The ability to lead and manage people is a valuable asset in many domains. Therefore, people high in this need will likely excel in controlled and stable hierarchies. Executive positions might be a good choice, as this is a highly powerful position, with the opportunity of leading a lot of people.
The need for Intimacy
The need for intimacy is defined as the preference or readiness for warm, close, and communicative interaction with others. Opportunities for intimacy and meaningful human contact drives behavior. Experiencing pleasant emotions in human interactions and engaging in deep conversations, are characteristics for people high in this need.
A high need for intimacy is valued, because genuine human interactions are a large part of what makes the human experience enjoyable. Therefore, hierarchies that value social intelligence and empathy are good fits for people high in the need for intimacy. Psychologists, doctors, and human care in general, are good positions.

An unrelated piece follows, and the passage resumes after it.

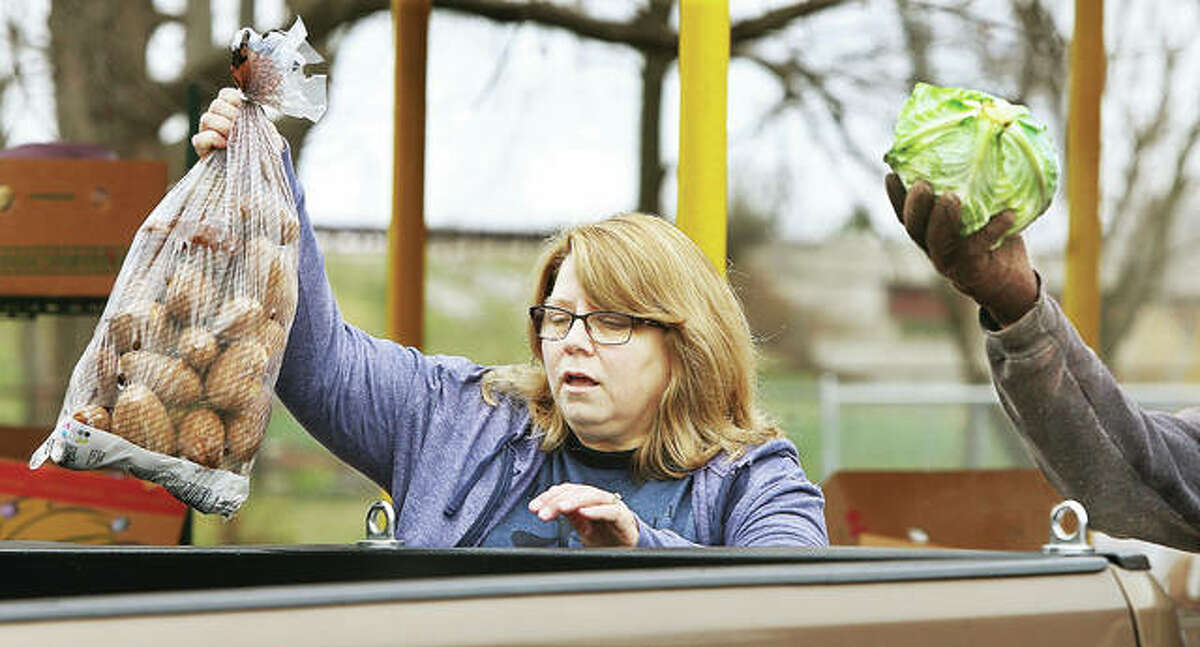 Volunteers at the Hope Community Center in Cottage Hills load food into the vehicles of the needy Tuesday from a drive-through operation in the parking lot. Normally people enter the center for food, but concerns of spreading the COVID-19 virus has forced pantries to adapt.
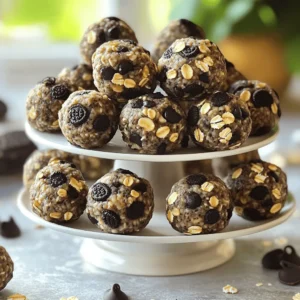 - 1 cup rolled oats - 1/2 cup vanilla protein powder - 1/2 cup almond butter (or peanut butter) - 1/4 cup honey or maple syrup - 1/4 cup crushed Oreo cookies - 2 tablespoons unsweetened cocoa powder - 1/4 cup dark chocolate chips (optional) - A pinch of salt To make Oreo protein balls, gather these ingredients first. Each one plays a key role in flavor and texture. The rolled oats provide a hearty base, while protein powder boosts nutrition. Almond butter or peanut butter adds creaminess and healthy fat. Honey or maple syrup gives sweetness. Crushed Oreo cookies add that classic taste. Cocoa powder enhances the chocolate flavor. Dark chocolate chips are optional but delicious. A pinch of salt balances everything nicely. - Calories per serving: About 100 calories per ball. - Protein content per ball: Around 5 grams of protein. - Other nutritional benefits: These protein balls are a good source of fiber and healthy fats. They can fuel your day, especially after workouts. The mix of oats and protein keeps you full longer. Plus, they taste great! For the Full Recipe, check out the detailed steps to create these tasty snacks. Mixing dry ingredients First, grab a large bowl. Add 1 cup of rolled oats, 1/2 cup of vanilla protein powder, 1/4 cup of crushed Oreo cookies, 2 tablespoons of cocoa powder, and a pinch of salt. Use a spoon to mix these ingredients. Make sure they blend well together. This step helps the flavors mix before adding wet ingredients. Combining wet ingredients In another bowl, take 1/2 cup of almond butter and 1/4 cup of honey (or maple syrup). Stir them together until they form a smooth mix. This mixture adds creaminess and sweetness to your protein balls. Forming the protein balls Now, pour the wet mix into the dry mix. Stir until the two come together. If the mix feels too dry, add a bit more almond butter or honey. Use your hands to scoop out about a tablespoon of the mix. Roll it into a ball. Place each ball on a parchment-lined baking sheet. Keep going until you roll all the mixture into balls. Time required to firm up Once you finish rolling the balls, pop them in the fridge for about 30 minutes. This time helps them firm up nicely. Tips for achieving the right texture If you want a softer ball, chill them for less time. For a firmer texture, let them sit a bit longer. Make sure to store them in an airtight container after chilling. You can find the Full Recipe for more detailed steps. To make your Oreo protein balls just right, you can change the sweetness and texture. If you want them sweeter, add more honey or maple syrup. For a firmer ball, add a bit more protein powder. If it feels too dry, just mix in a touch more nut butter. You can also use different nut butters. Almond butter gives a mild flavor. Peanut butter offers a richer, nuttier taste. You could even try cashew butter for a creamy twist. Each choice will change the taste, so feel free to experiment! Serving these protein balls can be fun and creative. You can stack them in a clear jar for a cute display. A tiered dessert stand looks great for parties. For easy snacking, pack them in an airtight container. These protein balls pair well with fresh fruits. Try serving them with berries or banana slices. They also taste great alongside smoothies, making for a tasty snack combo. For the full recipe, check the Full Recipe section. {{image_2}} You can easily change the flavor of your Oreo protein balls. Add nuts like almonds or walnuts for a nice crunch. Seeds, such as chia or flax, can boost nutrition. You can also switch up the protein powder. Try chocolate, cookies and cream, or even peanut butter flavors. Each one gives a new twist to the taste. You can make Oreo protein balls vegan or gluten-free. Use almond butter or sunflower seed butter instead of regular butter. For sweeteners, choose maple syrup or agave nectar to keep it vegan. To make them gluten-free, use certified gluten-free oats. You can also lower the sugar by using sugar-free syrup or a low-carb sweetener. This way, you can enjoy your snack while sticking to your diet. To keep your Oreo protein balls fresh, use an airtight container. Glass jars or plastic containers both work well. If you want to take them on the go, small snack bags are great too. For short-term storage, you can leave them at room temperature for a day. However, I suggest keeping them in the fridge for the best taste and texture. This helps them stay firm and tasty. In the fridge, your Oreo protein balls will last about one week. Just remember to check for any signs of spoilage. If you want to keep them longer, freezing is a smart choice. They can stay good in the freezer for up to three months. Just make sure to wrap them well in plastic and then place them in a freezer bag. When you want to eat them, just let them thaw in the fridge overnight. Enjoy your healthy snack anytime! Oreo protein balls last about one week in the fridge. Store them in an airtight container. If you freeze them, they can last up to three months. Just remember to thaw them in the fridge before eating. This way, they stay fresh and tasty for your snack time. Yes, you can replace the protein powder. Use any flavor you like, such as chocolate or cookies and cream. If you want a vegan option, try a plant-based protein powder. Just keep in mind that changing the flavor might change the taste of your protein balls. Experimenting can lead to fun new flavors! Oreo protein balls have some healthy benefits. They provide protein from the protein powder and nut butter. The oats give you fiber, which is good for digestion. However, they also contain sugar from honey and Oreos. Enjoy them as a treat, but don't forget about balance in your diet. Oreo protein balls are simple and fun to make. We listed ingredients and shared detailed steps. You learned about storage tips and variations to keep it interesting. Nutritional details help you know their health benefits. In the end, these protein balls are a tasty treat. You can enjoy them guilt-free. Experiment with flavors and share them with friends. Have fun creating your own versions!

You might think that there are big differences between men and women when it comes to these needs. Contrary to popular belief, the need for achievement and the need for power do not show any marked gender differences. That is, relative to the needs which are present within a given individual. However, there exist a difference regarding the need for intimacy. Women have, on average, a higher need than men.
When it comes to excelling to the very pinnacle of the hierarchies, men tend to sacrifice more to get there. This does not imply that women can’t reach the top, but it does imply that men are more willing to get there. On average. This may be because men place more value on social status and dominance over people, whereas women place more value on connecting with people. This is not surprising, given our evolutionary history.
Figuring out your composition of needs, and finding your primary motivation might serve you in the quest for competence. Find the hierarchies that value what drives you, and you are much more likely to succeed. Picking a hierarchy, or a career, where your natural tendencies can serve you, will also make it easier for you.
If you have a high preference for two, or three, of the needs, finding areas where all your needs can be met should be the goal. Good luck!